Some background and assumptions which I used in recommending this;

BACKGROUND

The federal gas tax has been in place since 1932.  Contrary to popular belief, all monies do not go to highways or infrastructure, in fact that didn’t even start until the 50′s, prior to that it was used to fund wars.  Since 1980 the tax has increased dramatically from 4cents to 18cents per gallon.  Yet, we still have a call from Obama and congress for Infrastructure spending for roads, bridges and the like.  What have you been doing with the money Congress? Another post on that topic.
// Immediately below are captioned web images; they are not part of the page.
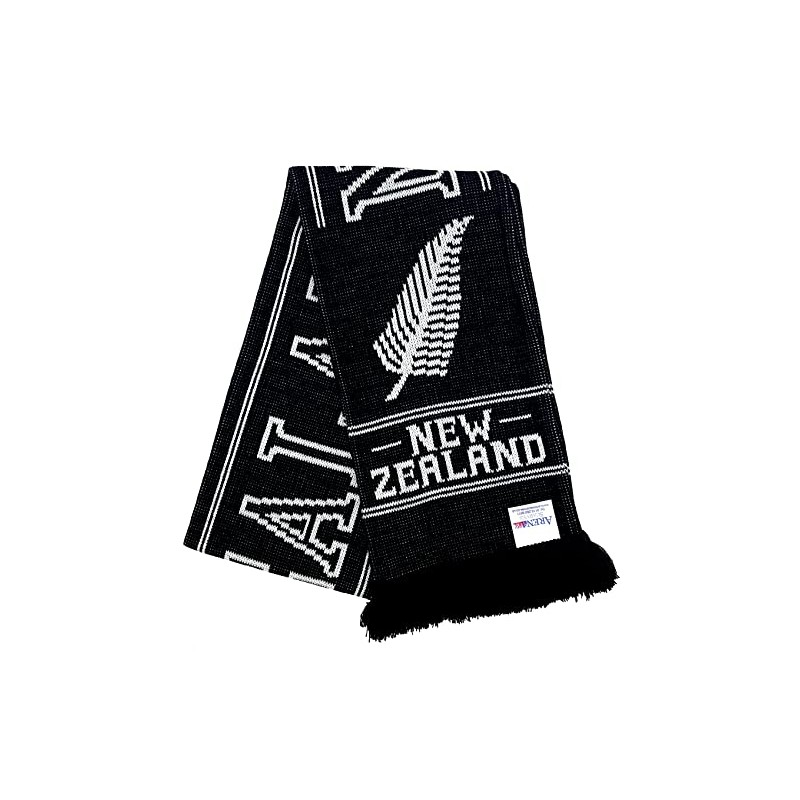New Zealand Rugby Supporters Scarf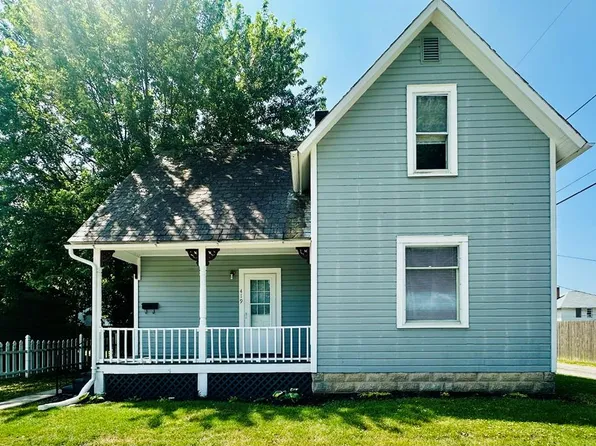 419 Short St, Bucyrus, OH 44820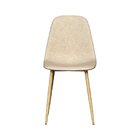 Cadeira Fixa Tania Nude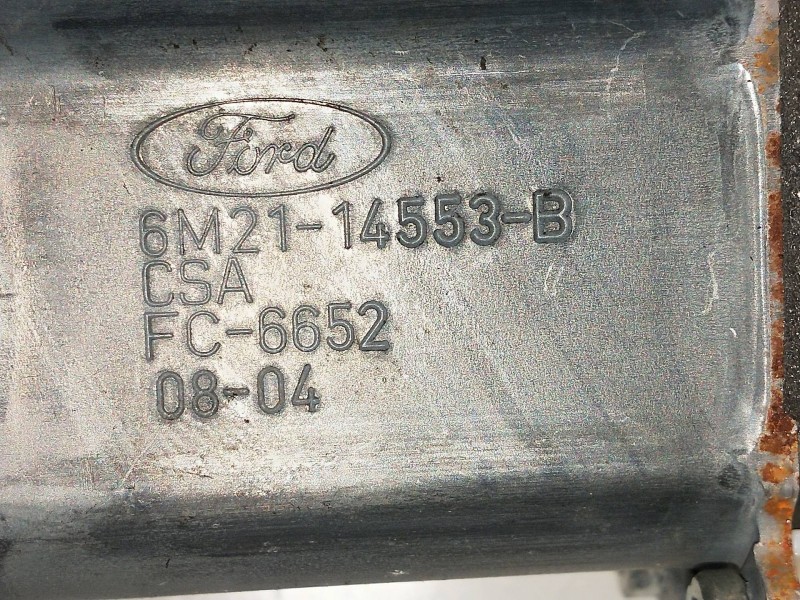 Recambio de elevalunas delantero derecho para ford mondeo ber. (ca2) trend referencia OEM IAM 6M2114553B  5P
Starting in 1919 with Oregon, states started to get on the bandwagon with this new tax approach.  All states have some type of tax, whether it is a gas tax, sales tax, or excise tax (call it what you want) on gasoline.  Here is a map with all states combined taxes on gasoline from http://www.taxfoundation.org/publications/show/1054.html

gas tax 690px1 Green Fee Needed Now



On average around 40cents per gallon and $281 per person per year.

ASSUMPTIONS

  1. The US economy and consumers can handle a gasoline price of $3.50 per gallon without substantial economic slowdown
  2. The price of Gasoline will fall below $3 per gallon by the end of the year.
  3. Funding of green initiatives from both candidates will be delayed due to funding for the economic crisis and the continued war
  4. The government, federal and state, has limited spending discipline with gas tax revenue
  5. Higher retail gas prices encourage a ‘green consumer’

PROPOSAL

Impose a scaling green fee on gasoline prices. The fee would scale with the underlying per barrel of oil price.  As oil prices fall the fee increases, as it increases the fee would decrease.  The intent is to maintain a retail price around $3.50 per gallon.  The federal government would collect the fee.

Pay the Federal government a processing fee of 10% for collecting and enforcing the collections.

On a quarterly basis, the federal government will distribute the funds to an agreed upon ‘Green Investment Council’, which is managed by US Venture Capitalist firms.  Investments are made by this council in ‘green’ technologies and companies that meet the specific goals of alternative energy production, job creation, and investment return.  The overriding goal is investment return as it is with most Venture capitalists.

At no time will these fee funds take a majority position in any company, all use of these funds need to be along side private investment and will be non-voting shares.  Funds will be managed similar to the way investment funds are managed now. Contributors buy into an investment fund, expecting a return.  The revenues from this fee will be treated the same.  Congress will sit at the table as the investor.

In this way the Government is directly investing the fee from consumers in ‘Green Technology’, not funding wars or social security or corporate greed, or whatever they have been spending money on lately.  It is similar to a charity that can prove that the monies go directly to the recipient and not to the bureaucracy.  I would rather give money to those charities.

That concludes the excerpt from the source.